## [Data extract]

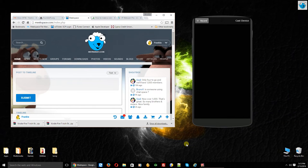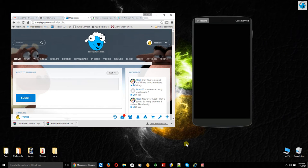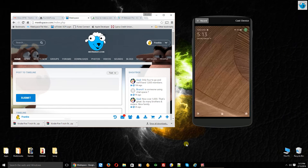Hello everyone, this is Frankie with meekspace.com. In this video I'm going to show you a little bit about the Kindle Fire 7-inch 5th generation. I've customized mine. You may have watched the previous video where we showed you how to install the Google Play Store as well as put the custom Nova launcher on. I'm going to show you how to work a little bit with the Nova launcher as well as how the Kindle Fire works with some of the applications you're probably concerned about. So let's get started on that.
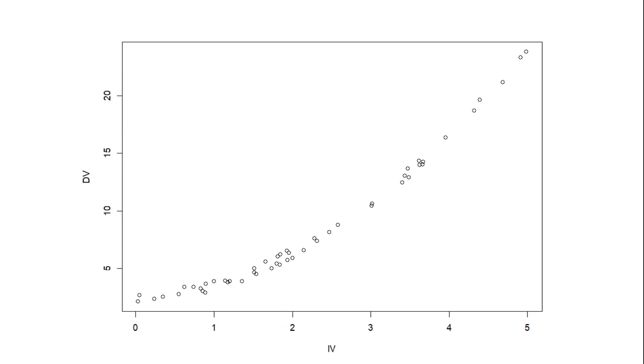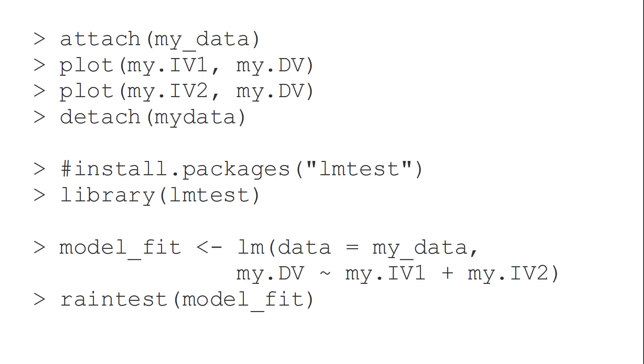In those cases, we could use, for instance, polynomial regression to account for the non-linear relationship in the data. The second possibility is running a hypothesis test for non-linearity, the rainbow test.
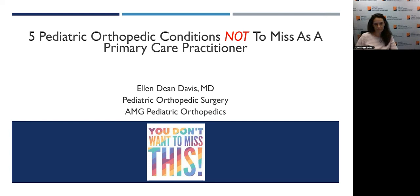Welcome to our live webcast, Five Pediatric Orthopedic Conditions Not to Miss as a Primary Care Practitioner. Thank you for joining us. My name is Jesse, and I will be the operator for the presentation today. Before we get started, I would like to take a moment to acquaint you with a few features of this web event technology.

## [Exercise objective]
The result should be a verbatim copy of the data, free of pictures.

## [Answer]
Hello everyone, this is Frankie with meekspace.com. In this video I'm going to show you a little bit about the Kindle Fire 7-inch 5th generation. I've customized mine. You may have watched the previous video where we showed you how to install the Google Play Store as well as put the custom Nova launcher on. I'm going to show you how to work a little bit with the Nova launcher as well as how the Kindle Fire works with some of the applications you're probably concerned about. So let's get started on that.
In those cases, we could use, for instance, polynomial regression to account for the non-linear relationship in the data. The second possibility is running a hypothesis test for non-linearity, the rainbow test.
Welcome to our live webcast, Five Pediatric Orthopedic Conditions Not to Miss as a Primary Care Practitioner. Thank you for joining us. My name is Jesse, and I will be the operator for the presentation today. Before we get started, I would like to take a moment to acquaint you with a few features of this web event technology.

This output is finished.